Dr Simon Cox1, Dr Jonathan Yu1
1CSIRO, Clayton , Australia
Finding, using and trusting high quality datasets in any discipline is a “grand-challenge”. Often datasets are not curated in a way that allows for users or machines to decide they are fit-for-purpose. Conversely, data providers lack tooling and guidance about the quality or lack thereof of datasets they are publishing.
To address this gap, we have developed a 5-star data rating system that considers data quality criteria based on the FAIR data principles. Our rating system includes specific metrics (or examples) of how the FAIR principles could be met, to serve as concrete goals for data providers to aim for. This is particularly useful for FAIR’s Interoperable and Reusable principles (broken down into loadable, useable, and comprehensible). We make suggestions around formats and technologies, drawn from our experience with geospatial data.

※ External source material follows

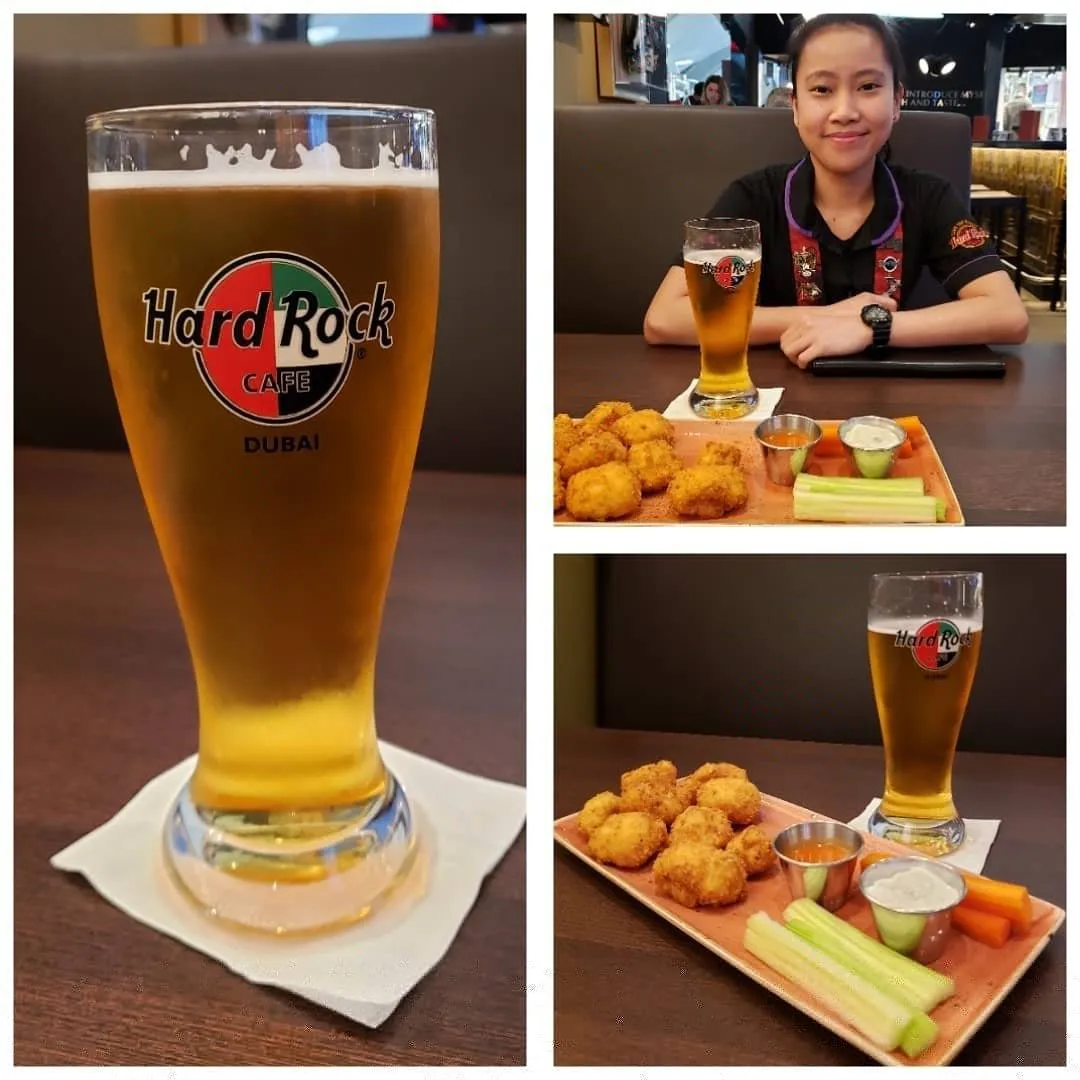  - مطاعم in دبي - photo 6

The FAIR principles are covered in CSIRO 5-star Data Ratings criteria, and we add published, updated/maintained, and trusted which are not covered by the FAIR principles.

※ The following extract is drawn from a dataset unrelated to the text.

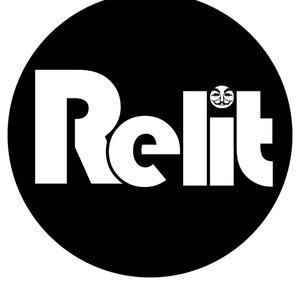 Relit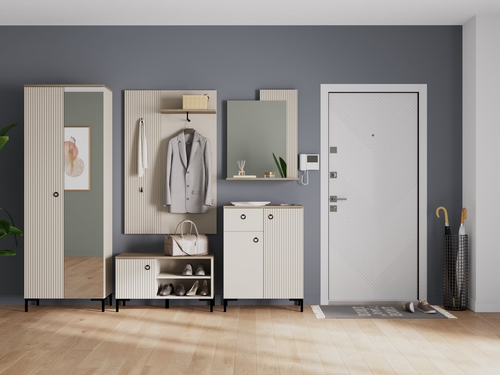 Скрин ДОМИНИКА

We have also developed a companion 5-star Data Rating tool to allow self-assessment of a dataset using the above qualities, and ratings for each quality. The tool allows users to rate their data according to its current state. Questions presented to users also serve as tangible targets showing how one can to improve their data publication. See http://oznome.csiro.au/5star/
We present examples in the context of Australian government and research data showing how we can use this tool to assess data quality and suggest improvements.

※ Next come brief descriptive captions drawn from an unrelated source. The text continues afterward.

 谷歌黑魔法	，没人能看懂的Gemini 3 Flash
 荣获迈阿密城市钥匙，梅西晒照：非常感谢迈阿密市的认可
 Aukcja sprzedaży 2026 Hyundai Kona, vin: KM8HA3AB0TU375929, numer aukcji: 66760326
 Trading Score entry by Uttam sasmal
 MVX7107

Simon has been researching standards for publication and transfer of earth and environmental science data since the emergence of the world wide web. Starting in geophysics and mineral exploration, he has engaged with most areas of environmental science, including water resources, marine data, meteorology, soil, ecology and biodiversity. He is principal- or co-author of a number of international standards, including Geography Markup Language, and Observations & Measurements, that have been broadly adopted in Australia and Internationally. The value of these is in enabling data from multiple origins and disciplines to be combined more effectively, which is essential in tackling most contemporary problems in science and society. His current work focuses on aligning science information with the semantic web technologies and linked open data principles, and the formalization, publication and maintenance of controlled vocabularies and similar reference data.